Info Sekolah
Kamis, 04 Jun 2026
  • Madrasah Ibtidaiyah Ma'arif NU Sunan Drajat Lamongan mempunyai Visi "Mewujudkan Generasi Qur'ani, Berakhlakul Karimah, Berprestasi, dan Berbahasa Internasional"
  • Madrasah Ibtidaiyah Ma'arif NU Sunan Drajat Lamongan mempunyai Visi "Mewujudkan Generasi Qur'ani, Berakhlakul Karimah, Berprestasi, dan Berbahasa Internasional"
4 Juni 2026

MI MURNI SUNAN DRAJAT TERIMA KUNJUNGAN RIHLAH ILMIAH BEM FAKULTAS TARBIYAH UNIVERSITAS IBRAHIMY SITUBONDO

Kam, 4 Juni 2026 Dibaca 82x Kegiatan Madrasah

Lamongan – MI Ma’arif NU Sunan Drajat Lamongan menerima kunjungan Rihlah Ilmiah dari Badan Eksekutif Mahasiswa (BEM) Fakultas Tarbiyah Universitas Ibrahimy Situbondo pada Kamis (4/6/2026). Kegiatan yang berlangsung di Ruang Guru Baru (RGB) tersebut diikuti oleh 36 mahasiswa dengan penuh antusias dan semangat untuk menimba ilmu serta pengalaman dalam dunia pendidikan.

Rombongan mahasiswa didampingi oleh Dosen Pembimbing, Ustadz Wedi Syamsudi, M.Pd., serta Gubernur BEM Fakultas Tarbiyah, Saudara Sirojudin. Turut hadir dalam kegiatan tersebut Kepala MI Ma’arif NU Sunan Drajat Lamongan, Ustadz Ubaidillah, S.Pd.I., para koordinator bidang, serta jajaran ustadz dan ustadzah.

Suasana kegiatan berlangsung sangat akrab, hangat, dan penuh kekhidmatan. Para mahasiswa tampak menyimak setiap penjelasan yang disampaikan dengan penuh kesungguhan dan tawadhu, layaknya murid yang sedang mendengarkan nasihat dan ilmu dari guru-gurunya.

Acara diawali dengan pembukaan, kemudian dilanjutkan sambutan dari Kepala BEM Fakultas Tarbiyah Universitas Ibrahimy Situbondo. Selanjutnya, sambutan disampaikan oleh Kepala MI Ma’arif NU Sunan Drajat Lamongan, Ustadz Ubaidillah, S.Pd.I.

Dalam sambutannya, Ustadz Wedi Syamsudi, M.Pd. menegaskan bahwa tujuan utama kegiatan rihlah ilmiah ini adalah untuk ngalap kaweruh atau mencari ilmu dan pengalaman dari para guru yang telah berkiprah dalam dunia pendidikan.
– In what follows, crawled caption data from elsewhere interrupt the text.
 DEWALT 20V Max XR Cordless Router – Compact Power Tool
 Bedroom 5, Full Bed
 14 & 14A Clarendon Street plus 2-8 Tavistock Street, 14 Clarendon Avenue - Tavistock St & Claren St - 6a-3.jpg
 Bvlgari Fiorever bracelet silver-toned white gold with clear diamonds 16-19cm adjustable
“Mahasiswa harus memiliki semangat ittiba’ dalam menuntut ilmu. Muridlah yang mencari guru, bukan guru yang didatangkan. Dengan demikian, akan tumbuh rasa hormat, tawadhu, dan keberkahan ilmu yang diperoleh,” tutur beliau.

Sementara itu, Kepala MI Ma’arif NU Sunan Drajat Lamongan, Ustadz Ubaidillah, S.Pd.I., dalam sambutannya berpesan kepada seluruh mahasiswa agar mampu mengambil berbagai hal positif dari kegiatan tersebut.
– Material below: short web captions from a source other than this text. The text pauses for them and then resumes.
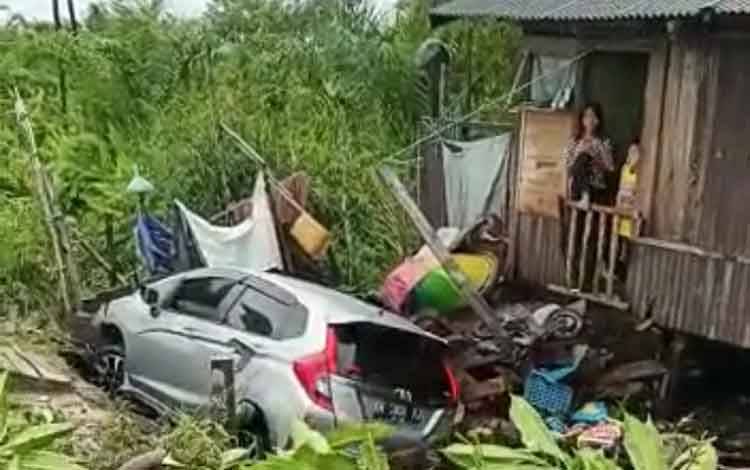 Dalam Sehari, Mobil dan Truk Alami Kecelakaan di Jalan Tjilik Riwut dan Jendral Sudirman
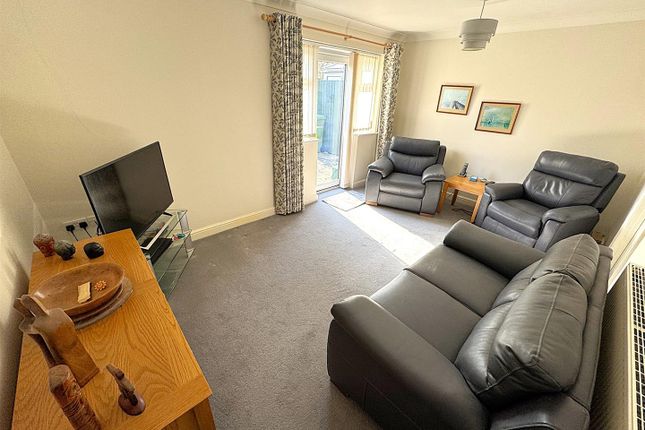 83, Tunwell Lane, Corby photo 2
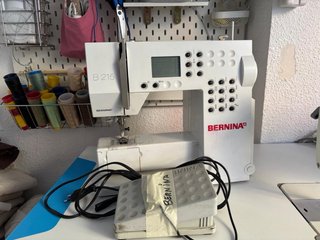 Máquina de coser BERNINA B 215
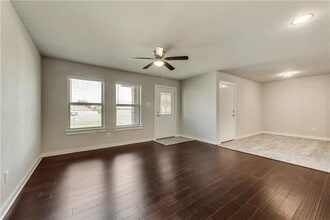 612 N 6th St in Gunter, TX - Building Photo - Building Photo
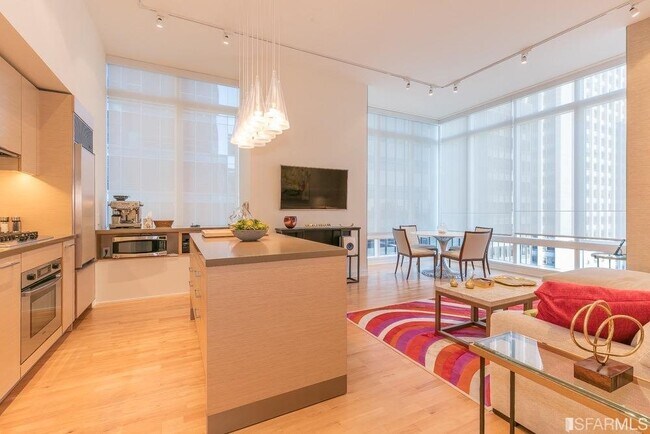 Photo - 301 Mission St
“Ambillah yang baik, yang kurang baik ditinggalkan. Jadikan kunjungan ini sebagai sarana belajar dan memperkaya pengalaman,” pesan beliau.

Tidak hanya itu, Ustadz Ubaidillah juga memberikan motivasi kepada para mahasiswa melalui berbagai kisah inspiratif selama menempuh pendidikan di pesantren. Beliau mengajak seluruh peserta untuk senantiasa menjaga kedisiplinan waktu, karena disiplin merupakan salah satu kunci utama keberhasilan dalam menuntut ilmu maupun menjalani kehidupan.

Setelah sesi sambutan, kegiatan dilanjutkan dengan doa yang dipimpin oleh Ustadz Muhammad Khusen Baste, S.Th.I. Doa dipanjatkan agar kegiatan berjalan lancar, membawa manfaat, serta menjadi sarana mempererat ukhuwah dan kerja sama dalam pengembangan pendidikan.

Sebagai bentuk penghormatan dan kenang-kenangan, acara dilanjutkan dengan penyerahan cinderamata antara kedua belah pihak yang berlangsung dalam suasana penuh keakraban.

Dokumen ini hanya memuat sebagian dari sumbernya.